## TRY IT
As the output, give exactly the lines that run from the one with "2017 Cabriolet 40 TFSI ʱ-1ͼ" through the end of the records below, and omit pictures.

-=-=-

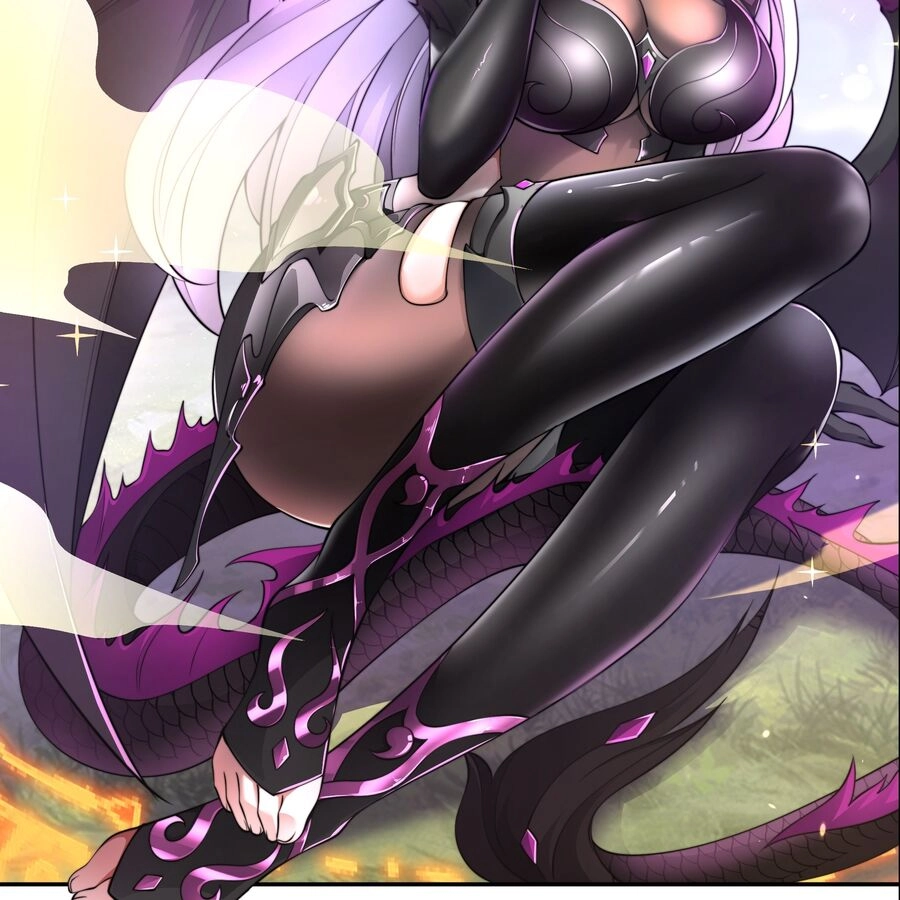 Tần Hoàng Trở Về! Ta Là Thiên Cổ Tiên Đế Chapter 2 - 126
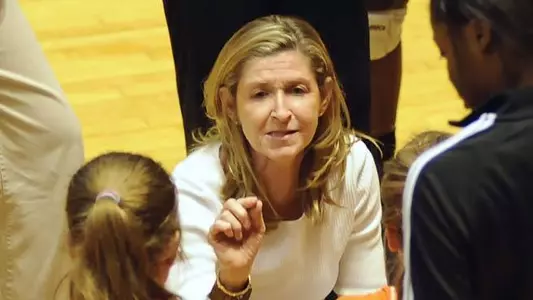Brenda Gray huddle Logo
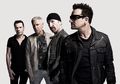 Kejutan Terbaru Dari U2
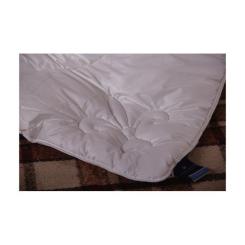 Одеяло Billerbeck 124 Concerto Uno 155x220 см Фото 2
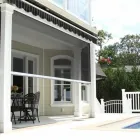 Business 4 image PHANTOM SCREENS Real Estate & Home Improvement in Kelowna BC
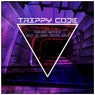 Best of Rare Trippy Code
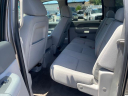 Thumbnail image of 2014 GMC Sierra 2500HD at I-Deal Cars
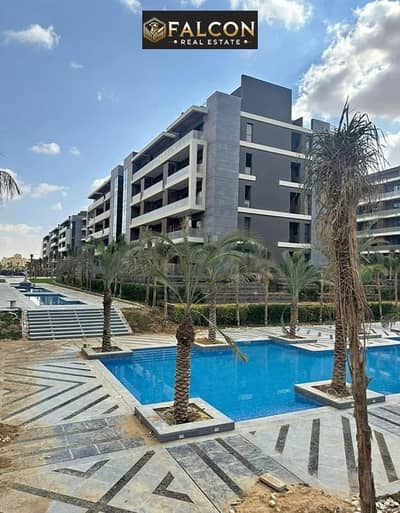 3 Bedroom Flat for Sale in Shorouk City, Cairo - 462613620_122162302856048938_7540968952706460641_n. jpg 3 Bedroom Flat for Sale in Shorouk City, Cairo - 462613620_122162302856048938_7540968952706460641_n. jpg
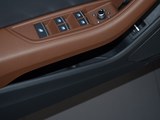 2017 Cabriolet 40 TFSI ʱ-1ͼ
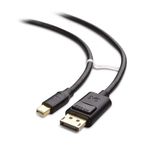 108283-2-Cabo_Adaptador_de_Video_Mini_Displayport_Displayport_3m_Cable_Matters_101007_Black_10_Preto_108283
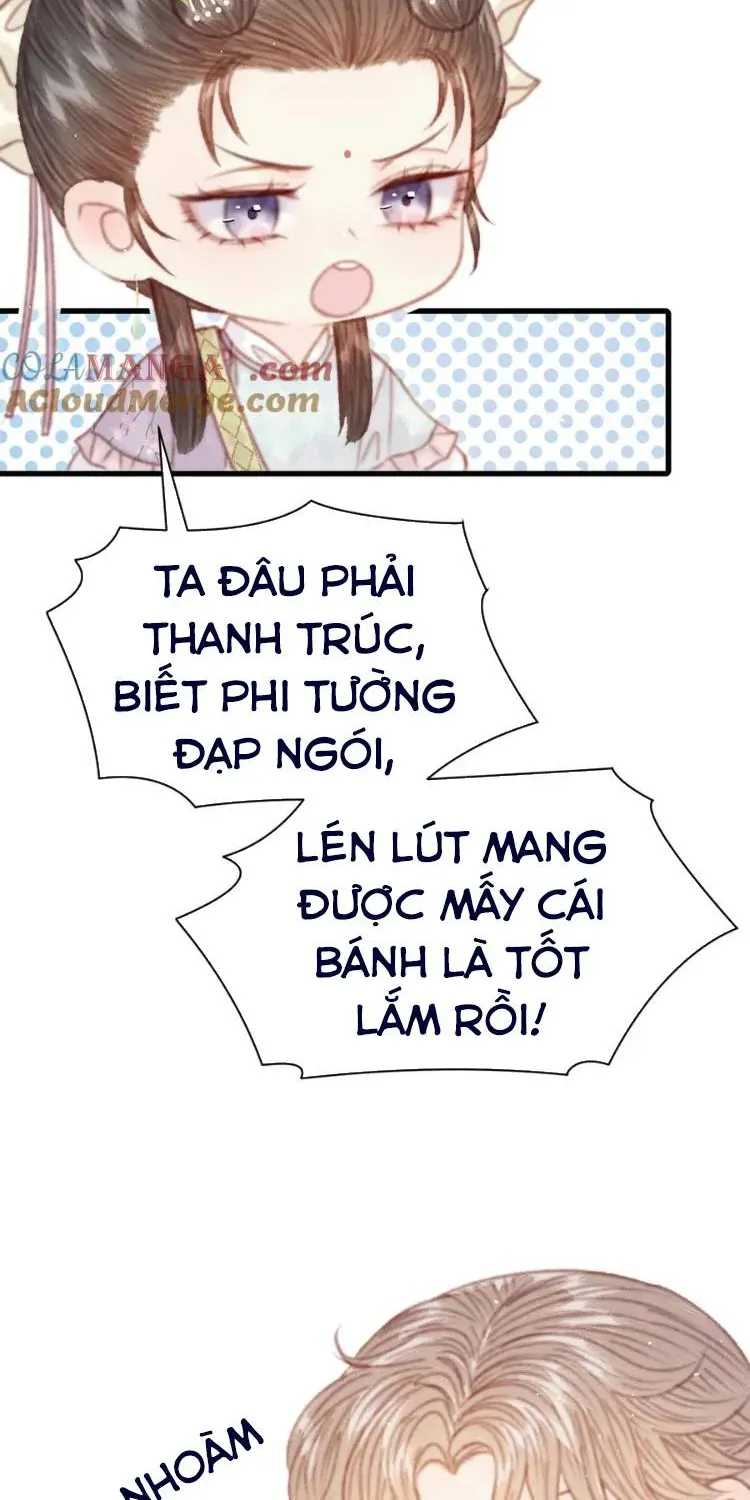 Sinh Chi Ác Phi Nghịch Tập Chapter 25 - 95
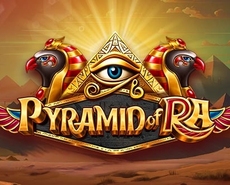 Live Casino image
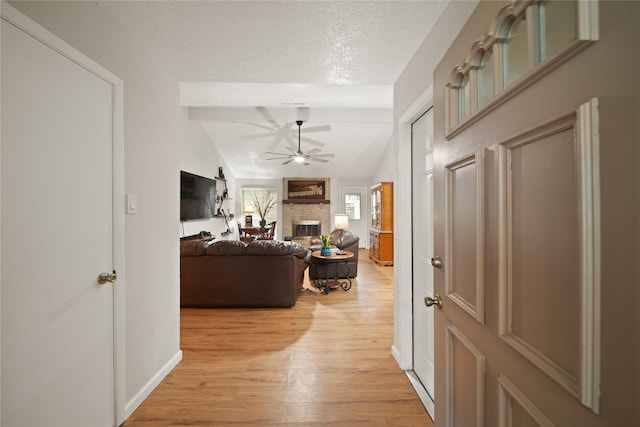 5910 Heather St, League City, TX 77573 - photo 23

-=-=-

## ANSWER SPACE
 2017 Cabriolet 40 TFSI ʱ-1ͼ
 108283-2-Cabo_Adaptador_de_Video_Mini_Displayport_Displayport_3m_Cable_Matters_101007_Black_10_Preto_108283
 Sinh Chi Ác Phi Nghịch Tập Chapter 25 - 95
 Live Casino image
 5910 Heather St, League City, TX 77573 - photo 23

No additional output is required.